● **WORK INSTRUCTION**: Retype only the lines that run from the top of the material below to the line bearing "Dear friends, before", inclusive, and keep the pictures out.

● **DATASET SECTION**:

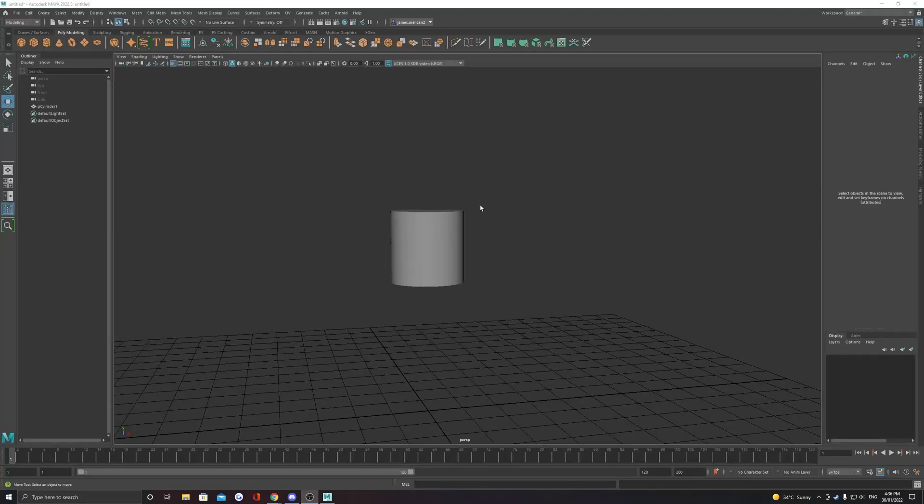Projects are an important part of working in Maya. They'll help keep all our assets and scene files in one place.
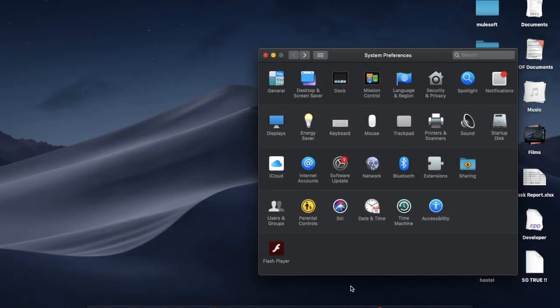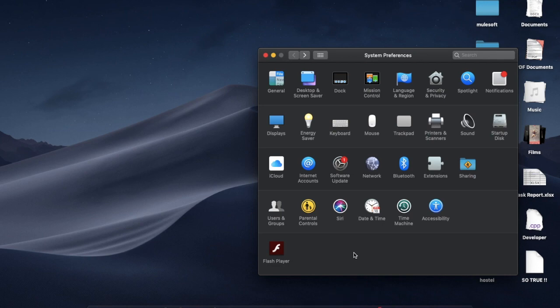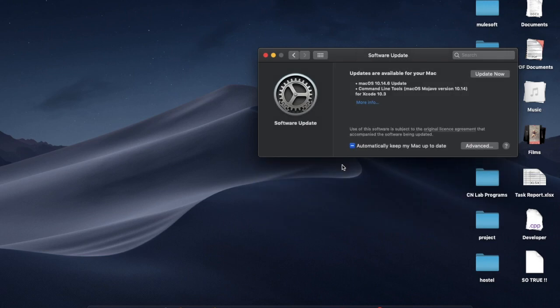Dear friends, before we get started, please make sure you hit the bell icon and get notifications every time I upload a video. Finally, the macOS 10.14.6 has been released and the updates are now ready to download.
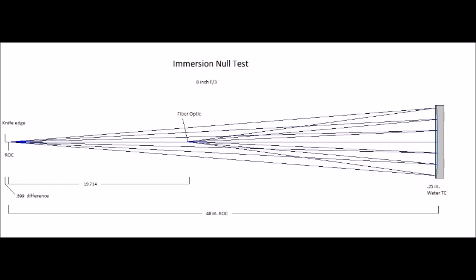It's very good for testing fast mirrors. Nowadays f3 and faster mirrors are becoming popular, but testing them is kind of not so easy to do. You can use autocollimation if you have access to a nice big flat. You can use the Ross test and that requires an expensive reference lens of known quality. Ronke test is not very sensitive and not recommended. And finally there's the water immersion test.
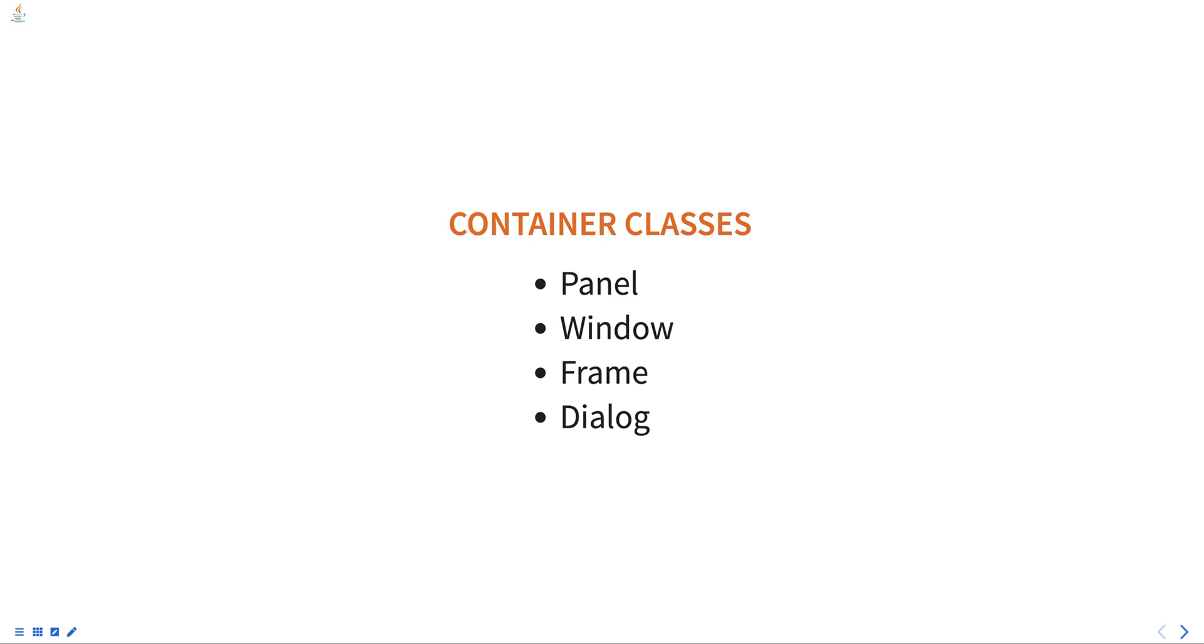In summary, containers in AWT are components that can hold other components. The most common container classes in AWT are panel, window, frame, and dialog.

● **WRITTEN RESPONSE**:
Projects are an important part of working in Maya. They'll help keep all our assets and scene files in one place.
Dear friends, before we get started, please make sure you hit the bell icon and get notifications every time I upload a video. Finally, the macOS 10.14.6 has been released and the updates are now ready to download.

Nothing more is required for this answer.